# iStick 30 or 40W - Who has stock?



## BumbleBee (19/2/16)

Do any local vendors have any of these compact little devices? or something similar to power a Nautilus Mini?


----------



## Raithlin (19/2/16)

BumbleBee said:


> Do any local vendors have any of these compact little devices? or something similar to power a Nautilus Mini?


You're not gonna believe it, but I saw an iStick 30W on sale at my local baccy store.

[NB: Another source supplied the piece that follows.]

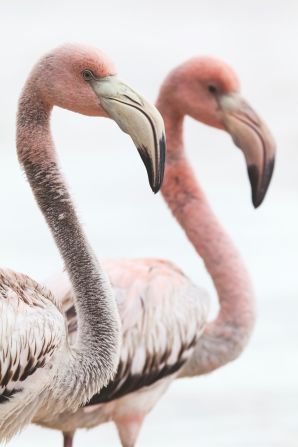 Flamingos take two to three years to fully mature -- these juvenile flamingos at Ría Celestún Biosphere Reserve are still speckled with white feathers, even as their signature pink plumage comes through.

Blew my mind.

Mind you, he also has "Marlboro" flavoured liquids, and that Snoop Dogg hardware.


----------



## Mari (19/2/16)

Good day, We have the Eleaf iStick 40W @ R 645.00 http://www.vapedecadence.co.za/product/eleaf-istick-tc-40w-express-kit/

Reactions: Thanks 1 | Informative 1


----------



## Power Vapes SA (20/2/16)

We have both @BumbleBee

Reactions: Thanks 1


----------



## Andre (20/2/16)

Power Vapes SA said:


> We have both @BumbleBee


Cannot access your site - the age thingie keeps coming back!


----------



## DaveH (20/2/16)

Andre said:


> Cannot access your site - the age thingie keeps coming back!



Same for me, I thought perhaps I was too old 
Dave

Reactions: Like 1 | Funny 1


----------



## Kuhlkatz (20/2/16)

DaveH said:


> Same for me, I thought perhaps I was too old
> Dave



It is an age thing ! Either you forgot to read this, or you forgot you did 

The Website is down for maintenance for a few days : http://www.ecigssa.co.za/website-downtime.t19703/


----------